Este sistema irracional y absurdo en el que vivimos considera que población activa es «aquella que está en edad de trabajar, siempre que no sea estudiante, ama de casa u otros colectivos que no realizan trabajo remunerado». Según esta definición, una persona en edad legal de trabajar que lleva a cabo tareas domésticas en su […]

Este sistema irracional y absurdo en el que vivimos considera que población activa es «aquella que está en edad de trabajar, siempre que no sea estudiante, ama de casa u otros colectivos que no realizan trabajo remunerado».

Según esta definición, una persona en edad legal de trabajar que lleva a cabo tareas domésticas en su casa y no recibe remuneración salarial forma parte de la población inactiva.

La mitad de la humanidad, las mujeres, han venido realizando históricamente todas las labores asociadas a la reproducción y los cuidados de los seres humanos. Para el capital, el valor de los cuidados, de la armonía vital, de la reproducción y de la alimentación, del cuidado de las personas mayores o dependientes, es algo pasivo, que no cuenta en el mercado porque no produce valor en términos económicos.

Sólo si pensamos en quiénes son los contables en este planeta, podemos entender cómo es posible que un banquero, un especulador inmobiliario, un fabricante de armas, un vendedor de cremas anticelulíticas o un publicista de telefonía móvil, sean considerados población activa y su «campo de actividad» incremente el producto interior bruto, mientras que parir, ocuparse de las funciones nutricias, cuidar a los ancianos, velar por la higiene y la salud de la familia, ocuparse de la tristeza o la alegría de lo próximo y atender a aquellas personas con discapacidades o dependencias, no cuente en el sistema y ni siquiera sea considerada actividad.

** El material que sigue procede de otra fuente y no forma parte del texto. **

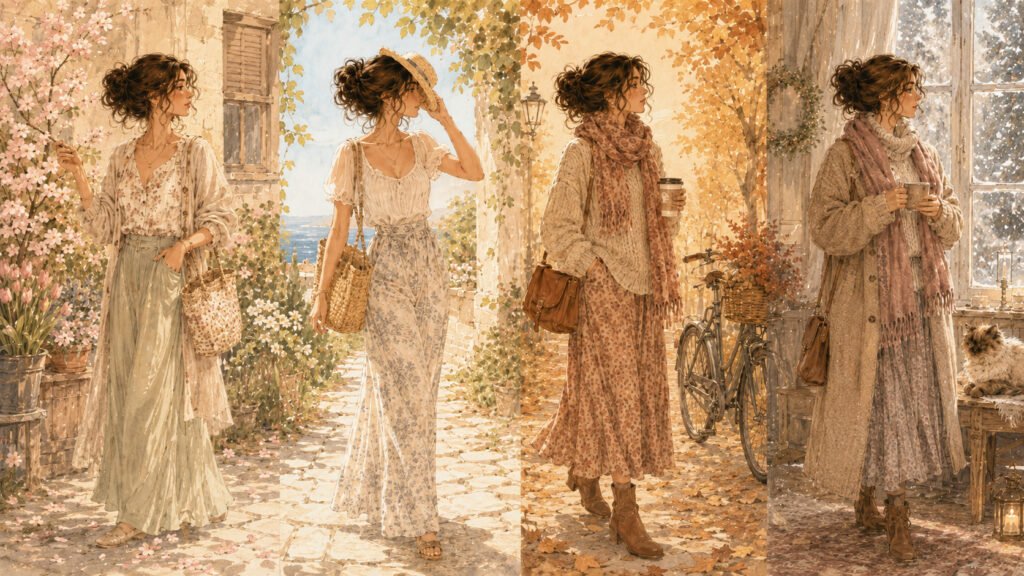 Illustration de Lila représentée au fil des quatre saisons, avec des tenues adaptées au printemps, à l’été, à l’automne et à l’hiver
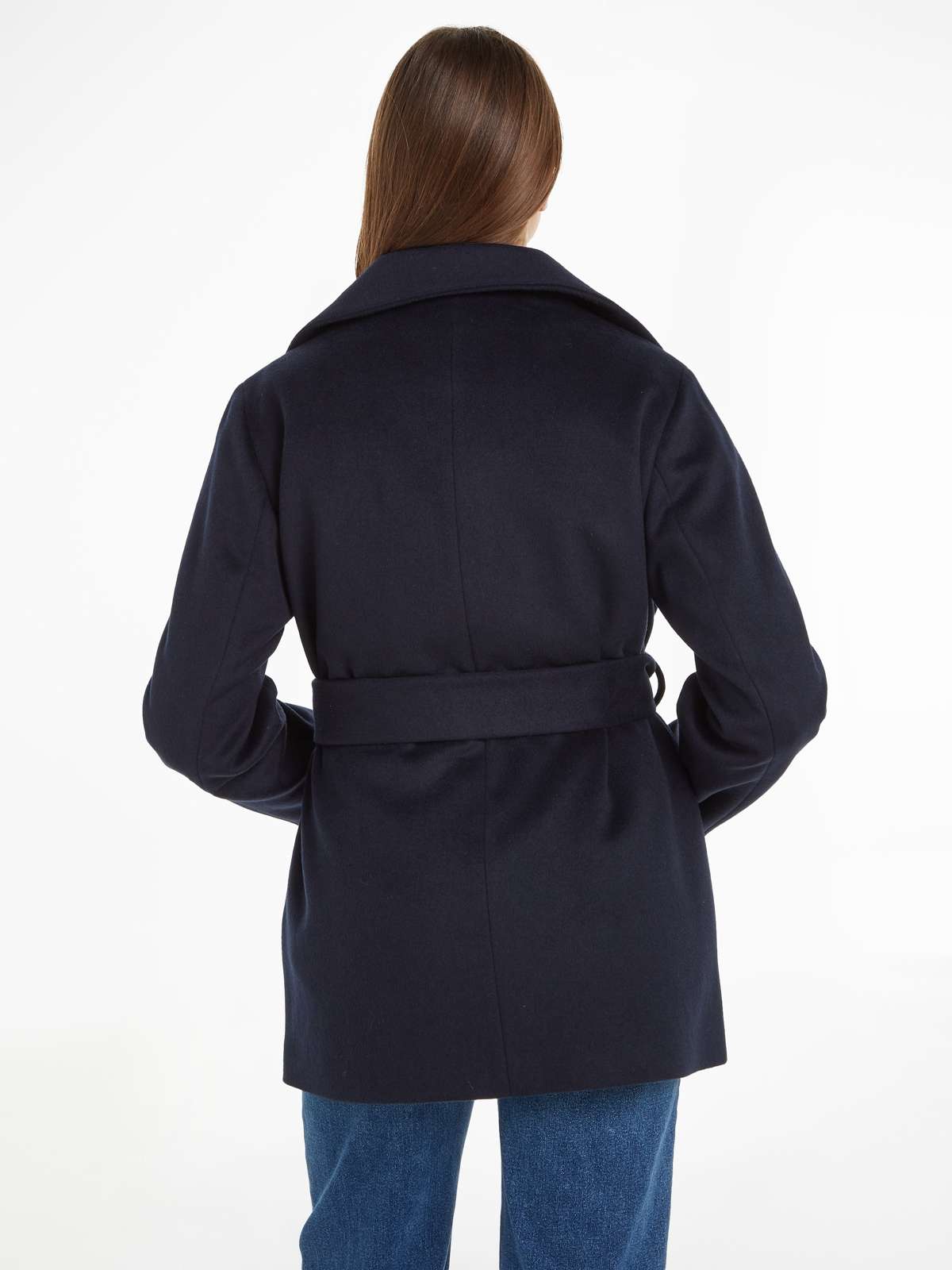 Куртка для активного отдыха с металлической этикеткой Tommy Hilfiger WOOL BLEND DB BELTED FUNNEL JKT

Las mujeres y su producción son invisibles para el mercado. Sólo se descorre el telón delante de aquéllas cuya actividad puede medirse en unidades masculinas, a pesar de que para poder salir al escenario de lo público, otras mujeres, que a su vez se vieron forzadas incluso a abandonar su país, hayan tenido que asumir esas tareas que no cuentan, pero que son imprescindibles para mantener la vida.

La invisibilidad de aquello que no produce beneficio inmediato ni puede ser traducido a moneda no es nada nuevo. La naturaleza, como la mujer, realiza trabajos y servicios indispensables para que se pueda seguir respirando y, paradójicamente, padece del mismo síndrome de ocultación. Cuando ambas salen a escena, se representa la obra de lo políticamente correcto, los sellos verdes, los programas de equidad de género, las campañas de sensibilización, las declaraciones de intenciones…

Sin embargo, fuera del mundo virtual que presentan las pantallas, el deterioro ambiental aumenta, la pobreza se feminiza y la violencia golpea con mayor fuerza a las mujeres y al entorno.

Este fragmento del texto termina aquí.